Juniper scent is so wonderful, but the tree itself I'm not so crazy about! Kind of weed-like here in MO. But all of these good ideas about its uses will make me think better of it! :)
Do the berries have a scent too? Compared to the twigs, I mean. Is it the same scent? (Sometimes the 2 forms can have differences.)
Gosh I feel like I have been missing something here.
I guess I have been taking this one for granted.. I knew it was a tree and that is just about it. So net hunting I go, since I don't have a Cunninghams for this ;). Here is some technical stuff I found.
"Juniper has diuretic, antiseptic, stomachic, antimicrobial, anti-inflammatory, and antirheumatic properties.
The tree's therapeutic properties stem from a volatile oil found in the berries.
This oil contains terpenes, flavonoid glycosides, tannins, sugar, tar, and resin. Terpinen-4-ol (a diuretic compound of the oil) stimulates the kidneys, increasing their filtration rate. The flavonoid amentoflavone exhibits antiviral properties. Test tube studies show that another constituent of juniper, desoxypodophyllotoxins, may act to inhibit the herpes simplex virus.
The resins and tars contained in the oil benefit skin conditions such as psoriasis."
And the list goes on and on.. so I thought to include the web pages for you http://www.findarticles.com/cf_dls/g2603/0004/2603000468/p1/article.jhtml?term= .
I do remember my mom mentioning Juniper berries, but I cannot remember in what context.
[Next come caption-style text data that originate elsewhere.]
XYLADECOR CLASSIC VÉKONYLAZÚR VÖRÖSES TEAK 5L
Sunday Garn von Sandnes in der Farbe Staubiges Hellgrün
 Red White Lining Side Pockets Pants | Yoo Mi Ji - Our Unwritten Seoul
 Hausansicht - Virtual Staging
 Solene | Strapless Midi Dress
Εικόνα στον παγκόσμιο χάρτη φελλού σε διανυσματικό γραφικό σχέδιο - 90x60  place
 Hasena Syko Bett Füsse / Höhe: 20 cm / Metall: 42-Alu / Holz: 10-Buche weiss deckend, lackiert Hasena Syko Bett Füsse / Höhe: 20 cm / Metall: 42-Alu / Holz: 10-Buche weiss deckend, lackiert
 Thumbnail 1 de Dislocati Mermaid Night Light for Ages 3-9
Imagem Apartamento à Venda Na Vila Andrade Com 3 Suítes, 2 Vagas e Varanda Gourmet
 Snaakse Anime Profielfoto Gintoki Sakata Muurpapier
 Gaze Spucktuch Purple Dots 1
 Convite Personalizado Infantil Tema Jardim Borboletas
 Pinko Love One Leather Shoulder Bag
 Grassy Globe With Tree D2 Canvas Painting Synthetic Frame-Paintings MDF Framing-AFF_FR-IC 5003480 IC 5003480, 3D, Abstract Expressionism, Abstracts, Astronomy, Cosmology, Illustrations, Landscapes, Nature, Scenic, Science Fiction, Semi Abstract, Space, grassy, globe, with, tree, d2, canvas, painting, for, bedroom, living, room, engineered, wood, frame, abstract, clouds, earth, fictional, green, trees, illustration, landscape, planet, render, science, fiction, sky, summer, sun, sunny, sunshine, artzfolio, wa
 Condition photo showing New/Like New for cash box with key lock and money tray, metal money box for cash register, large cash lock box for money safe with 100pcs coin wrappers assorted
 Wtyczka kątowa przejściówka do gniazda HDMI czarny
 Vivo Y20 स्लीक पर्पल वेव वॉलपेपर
And acutally, after surfing the net, I found some pictures that look suspiciously like some trees on our property.. I will have to take a closer look in the thickets.
It's very likely you've got some "out back"! The tree likes to grow in groups (latin name is Juniperis communis ;) ) and is the first tree to grow in an open spot (like a former pasture or other disturbed spot) that's allowed to regrow.
Forgot what time of the year berries appear, I think it's late summer. Birds might like to eat them and squirrels maybe and probably deer too, so by now there may not be many of them left. I'm not at home in the country right now, so can't just step out to check for you!
Let us know what you find :)
In the Eastern and midwest U.S., the common juniper is the red "cedar", Juniperus virginiana. In Virginia, where it is abundant in old fields, people cut it for Christmas trees and wreaths. It has tiny blue berries that make delightful incense (more fruity than the twigs). The twigs, like those of other junipers, can be hung in the house or used as smudge sticks for purification and chasing away the baddies, whether you call them "evil spirits" or "negative energy."
Juniperus communis is a creeping arctic shrub found in Canada, Europe, and Russia. In the U.S. it grows wild only in the northern tier of states and on high mountains with northwoods-type climates. BUT it's cultivated everywhere and there are some very pretty nursery varieties.
Here in the SW, juniper is usually found with its companion, pinon pine. The AZ desert has 2 junipers: One-seed (small berries) and Alligator-bark (big berries and rough, brick-like bark).
Thanks for pointing out the difference ... we call them "cedars" here, but I confused the latin a bit, didn't I? :)
Found this great database at Uni Bonn (http://www.botanik.uni-bonn.de/conifers/cu/ju/virginiana.htm) which straightened out my botany!
Cedars!!! Ok now don't I feel silly, (I should have surfed more) yup, we had a couple of those. the "boys" decided to cut one down last year when they went on a tree trimming frenzy. Along with a humongous Black Walnut (that I begged them to leave alone).